Provided material

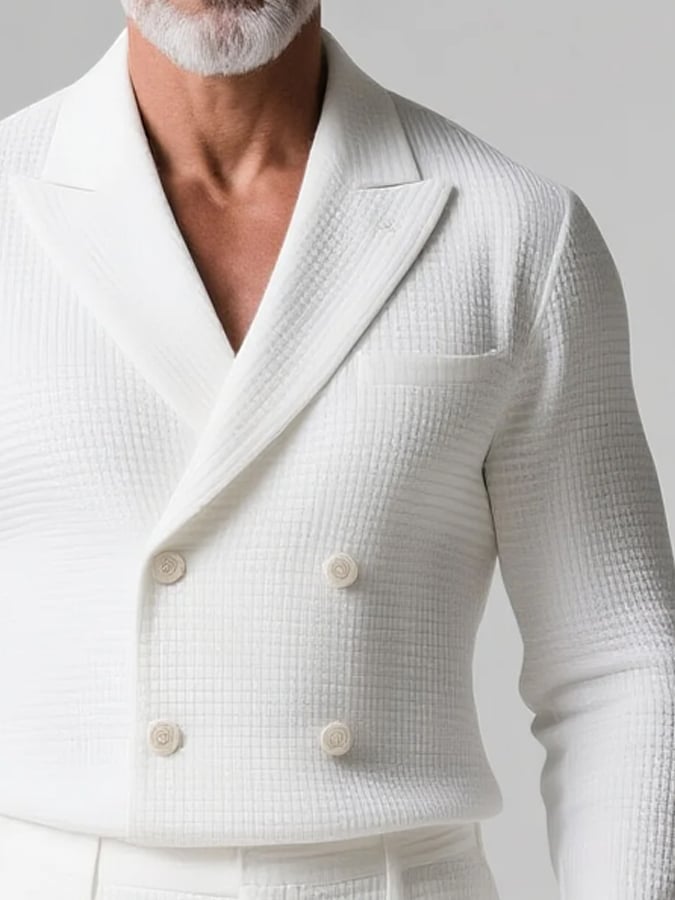 Men's Business Waffle Pattern Peak Lapel Double Breasted Long Sleeve Shirt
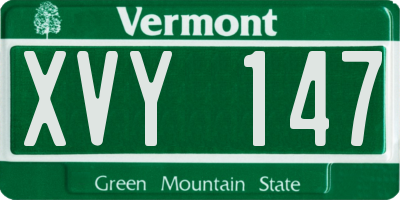VT license plate XVY147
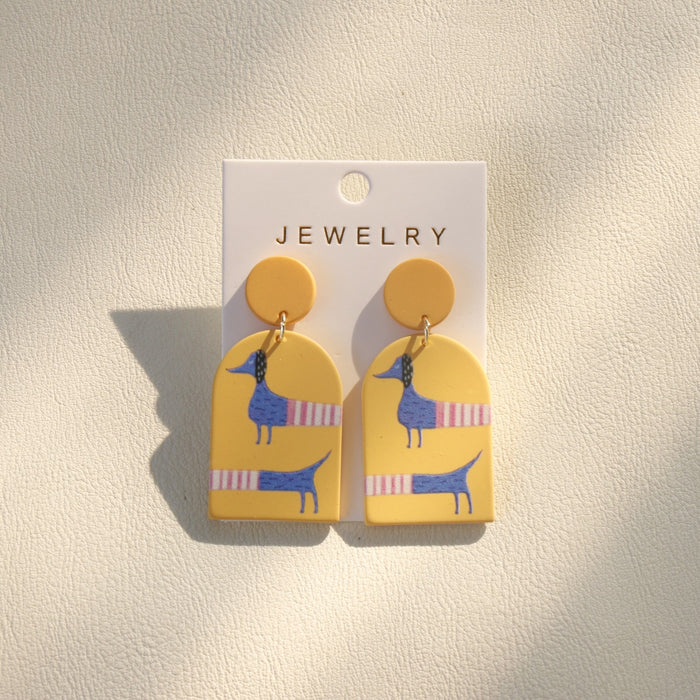 Wholesale Cute Dog Graffiti Acrylic Pendant Earrings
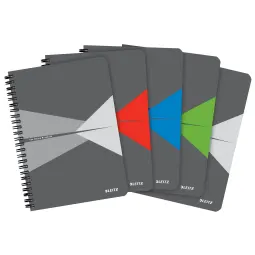 Leitz Office Notebook A5 ruled, wirebound with cardboard cover - Outer carton of 5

Your goal
What you output must be exactly the lines from the line with "Wholesale Cute Dog" through the last line of the listing, pictures excluded.

Finished exercise
 Wholesale Cute Dog Graffiti Acrylic Pendant Earrings
 Leitz Office Notebook A5 ruled, wirebound with cardboard cover - Outer carton of 5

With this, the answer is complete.